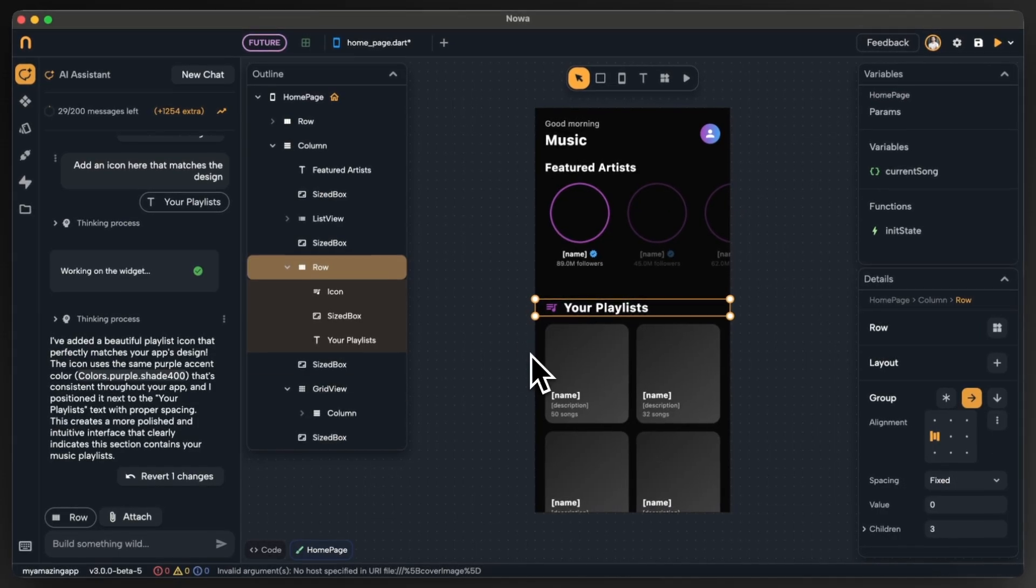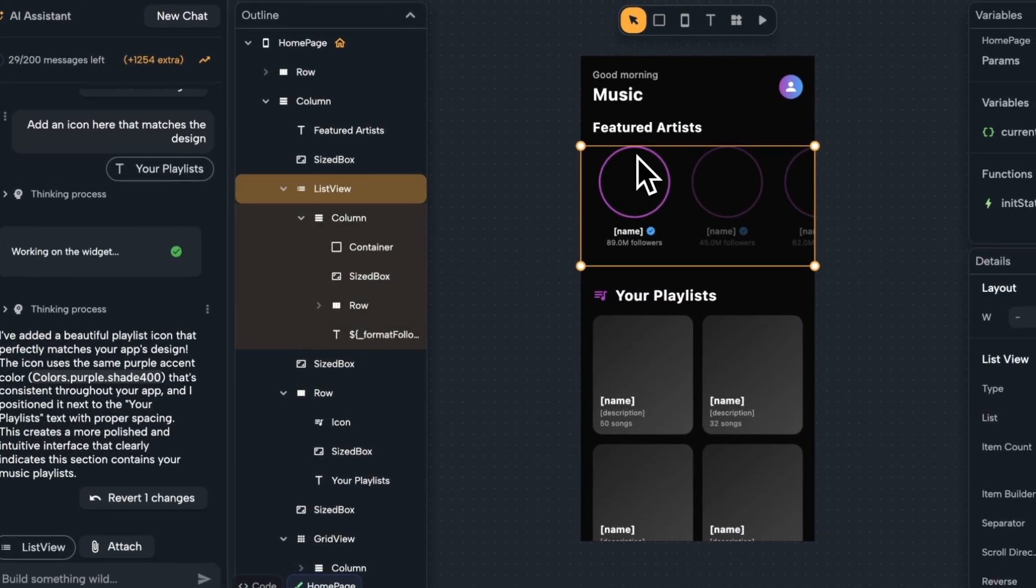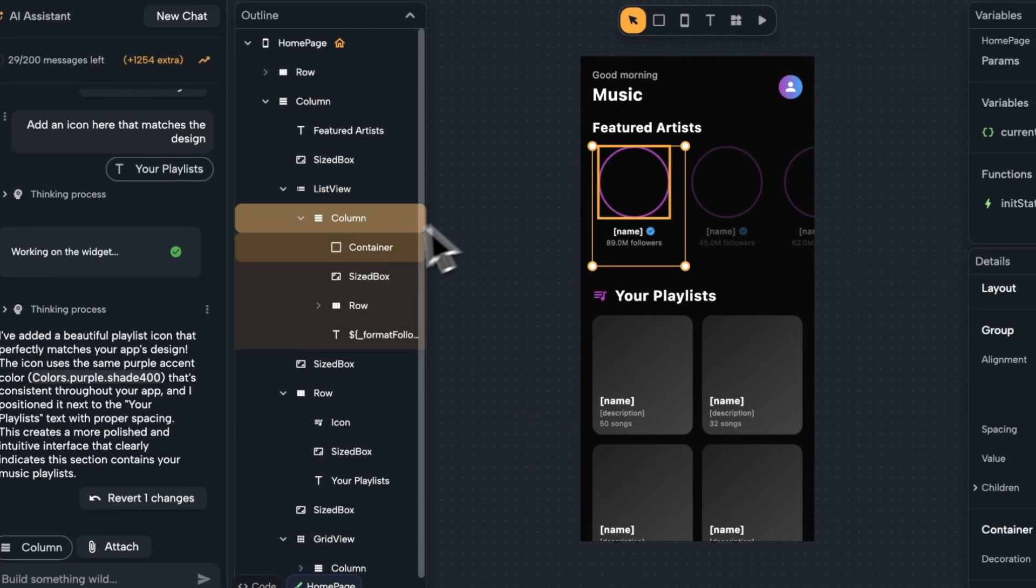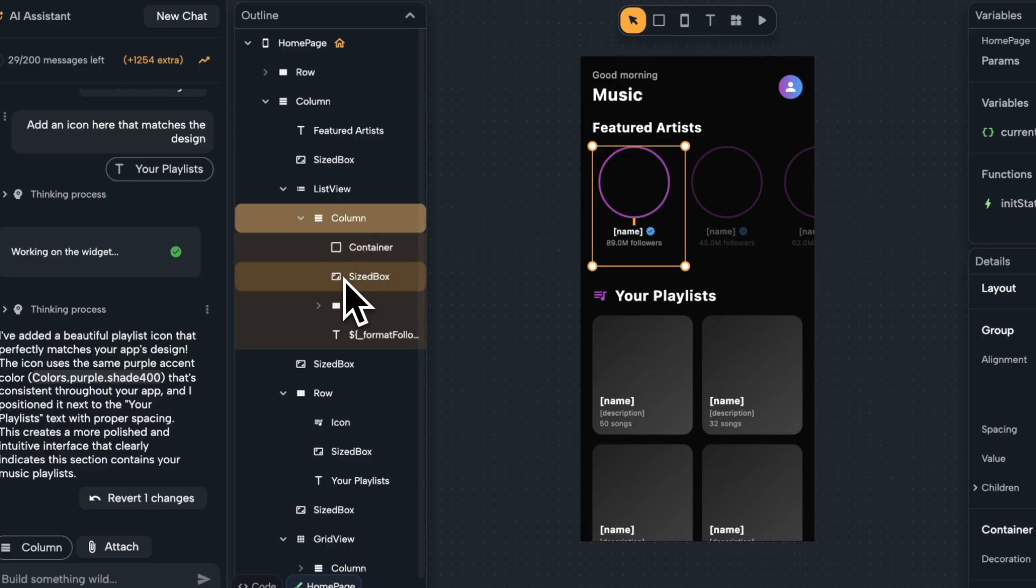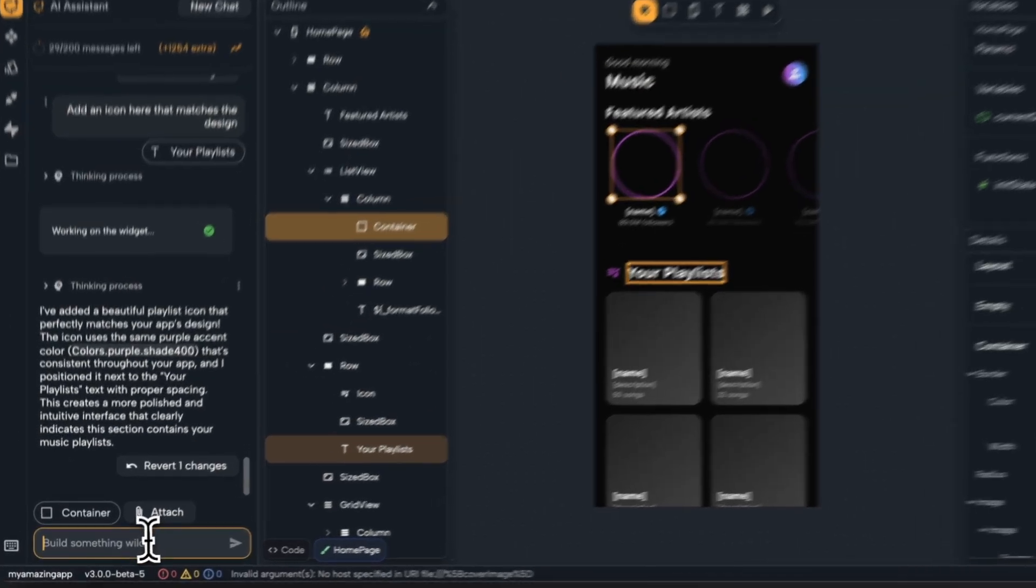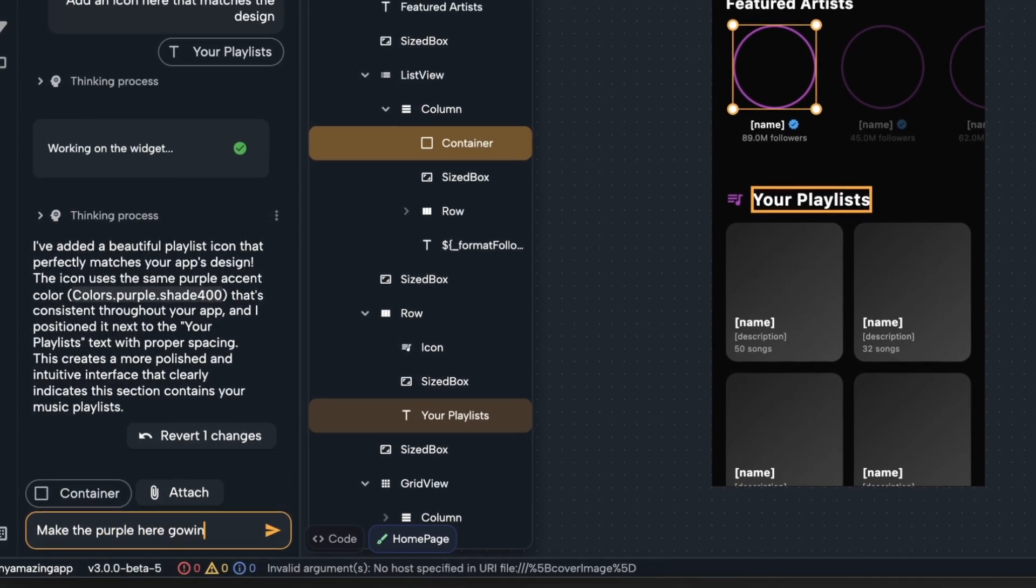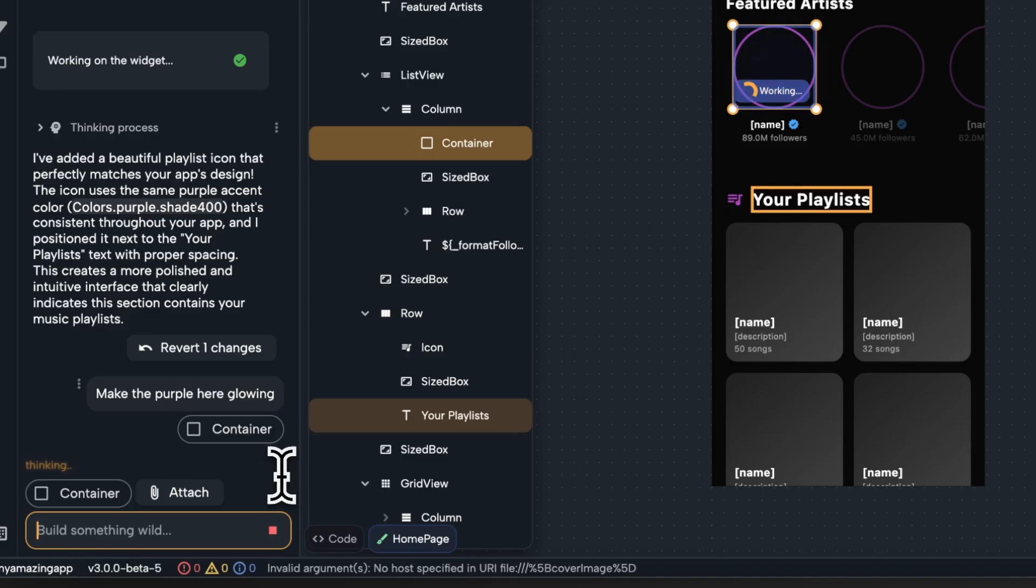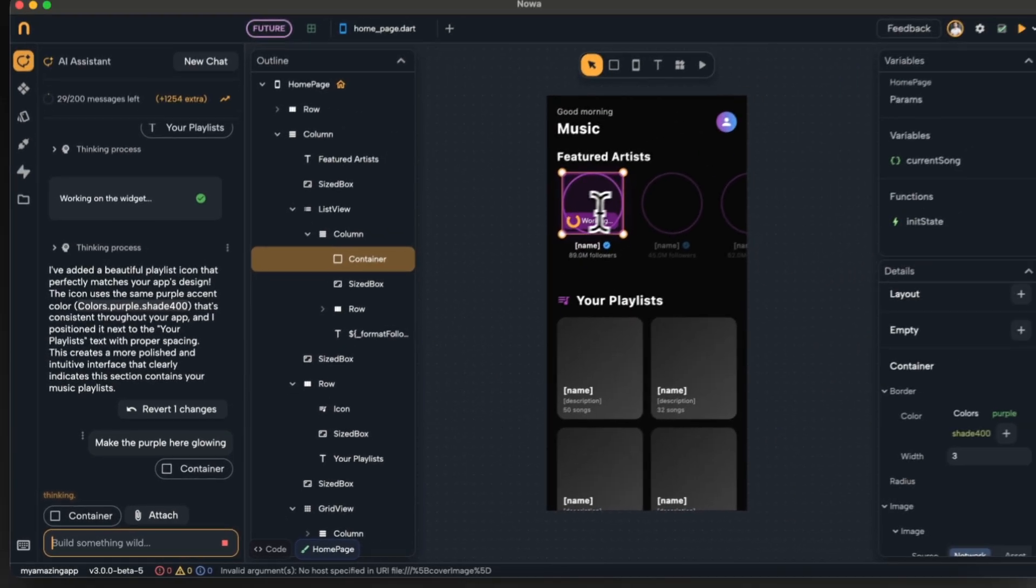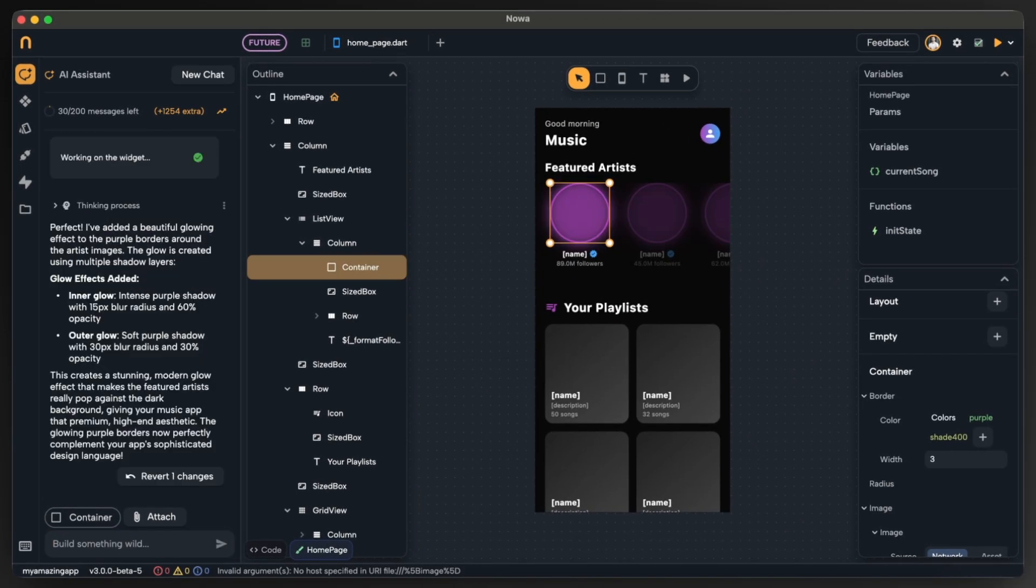So now let's see how can I even make this UI better. Let's say if we select the container here and maybe we want to make it more glowing so we can ask the agent to do that. Wow, this is amazing! The users will love that effect.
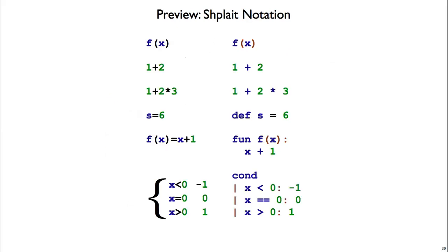Now here's a preview of the different notations that we'll see in Shplait. So on the left column, we have math notation, and on the right column, we have Shplait notation. And you'll see, except for a few keywords on the right, these are basically the same. So to call a function in Shplait, you write the function name, open parenthesis, and then a list of arguments, and then a close parenthesis. If there's more than one argument, add commas in between them.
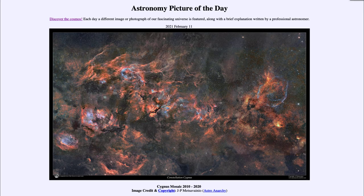Greetings and welcome to the introduction to astronomy. One of the things I like to do in each of my introductory astronomy classes is to begin the class with the Astronomy Picture of the Day from the NASA website, that is apod.nasa.gov/apod. Today's picture is for February the 11th of 2021.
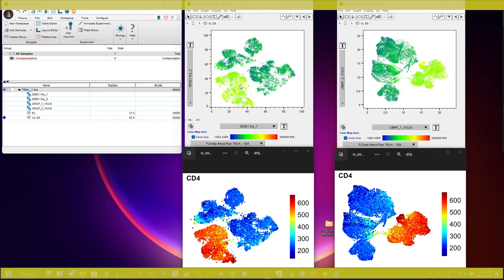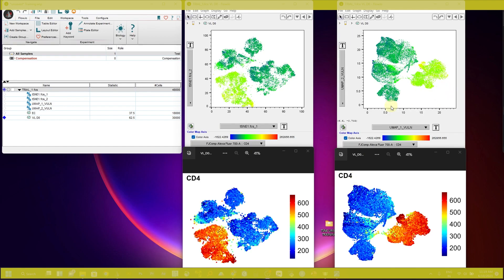You can also see the difference between FlowJo-generated and R-script-generated t-SNE plots in the expression of CD4. This looks much better than the FlowJo-generated t-SNE and UMAP plots. Today I'm going to show you how you can transform your t-SNE plot, UMAP plot, as well as TriMap plot using the R script.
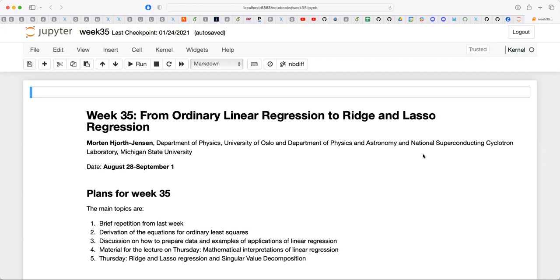The singular value decomposition may not be a main theme in linear algebra courses, but it's actually the best linear algebra algorithm ever — in my opinion. We're going to use it to get deeper insights about the mathematics of ordinary least squares, linking it with a statistical interpretation. That's the aim today: more about the mathematics of the methods.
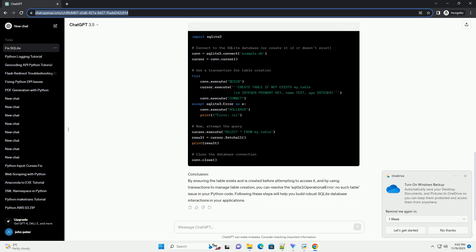Step 2: Check table creation order. If the table exists, the next thing to check is the order in which you are creating tables in your Python code. Make sure that you are creating the required table before attempting to access it. SQLite queries are executed sequentially, so if you are trying to access a table that hasn't been created yet, you'll encounter the no such table error.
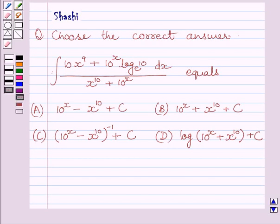Hello and welcome to the session. Let us discuss the following question. Choose the correct answer.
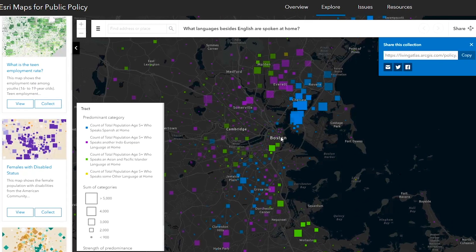With Esri's Data and Location Services, you can find more information about the people, places and things in your area of interest.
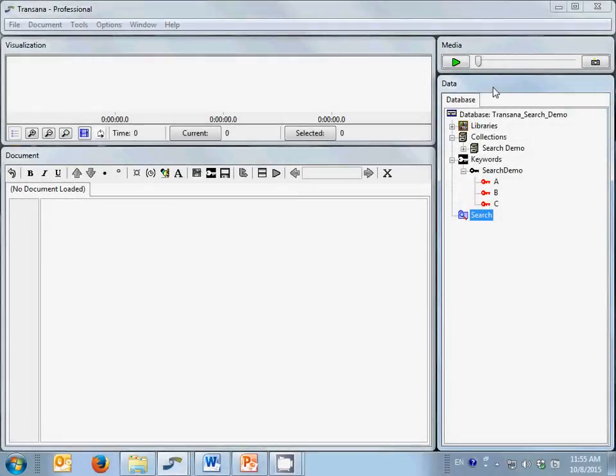Welcome to the screencast on Boolean basics and the use of parentheses in specifying searches in TransAna. This screencast addresses subtle but important details on specifying searches correctly. You have to be just a little bit careful when using Boolean logic with computer programs like TransAna. You need to really understand what the terms mean and how the operators work. Otherwise, you're at risk for misinterpreting your search results. Let me describe exactly how TransAna searches work.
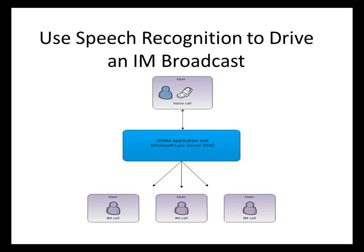So this is the scenario I'm going to demonstrate. You can see here in the slide, we've got a user making a voice call to a UCMA application, and then the UCMA application performs speech recognition, and sends an IOM message to three different SIP URIs.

## Task
Here the job is to copy the listing above word for word, starting at the line with "Now here's a" and ending at the line with "With Esri's Data", and to leave out the pictures.

## Reply
Now here's a preview of the different notations that we'll see in Shplait. So on the left column, we have math notation, and on the right column, we have Shplait notation. And you'll see, except for a few keywords on the right, these are basically the same. So to call a function in Shplait, you write the function name, open parenthesis, and then a list of arguments, and then a close parenthesis. If there's more than one argument, add commas in between them.
Greetings and welcome to the introduction to astronomy. One of the things I like to do in each of my introductory astronomy classes is to begin the class with the Astronomy Picture of the Day from the NASA website, that is apod.nasa.gov/apod. Today's picture is for February the 11th of 2021.
You can also see the difference between FlowJo-generated and R-script-generated t-SNE plots in the expression of CD4. This looks much better than the FlowJo-generated t-SNE and UMAP plots. Today I'm going to show you how you can transform your t-SNE plot, UMAP plot, as well as TriMap plot using the R script.
The singular value decomposition may not be a main theme in linear algebra courses, but it's actually the best linear algebra algorithm ever — in my opinion. We're going to use it to get deeper insights about the mathematics of ordinary least squares, linking it with a statistical interpretation. That's the aim today: more about the mathematics of the methods.
Step 2: Check table creation order. If the table exists, the next thing to check is the order in which you are creating tables in your Python code. Make sure that you are creating the required table before attempting to access it. SQLite queries are executed sequentially, so if you are trying to access a table that hasn't been created yet, you'll encounter the no such table error.
Hello and welcome to the session. Let us discuss the following question. Choose the correct answer.
With Esri's Data and Location Services, you can find more information about the people, places and things in your area of interest.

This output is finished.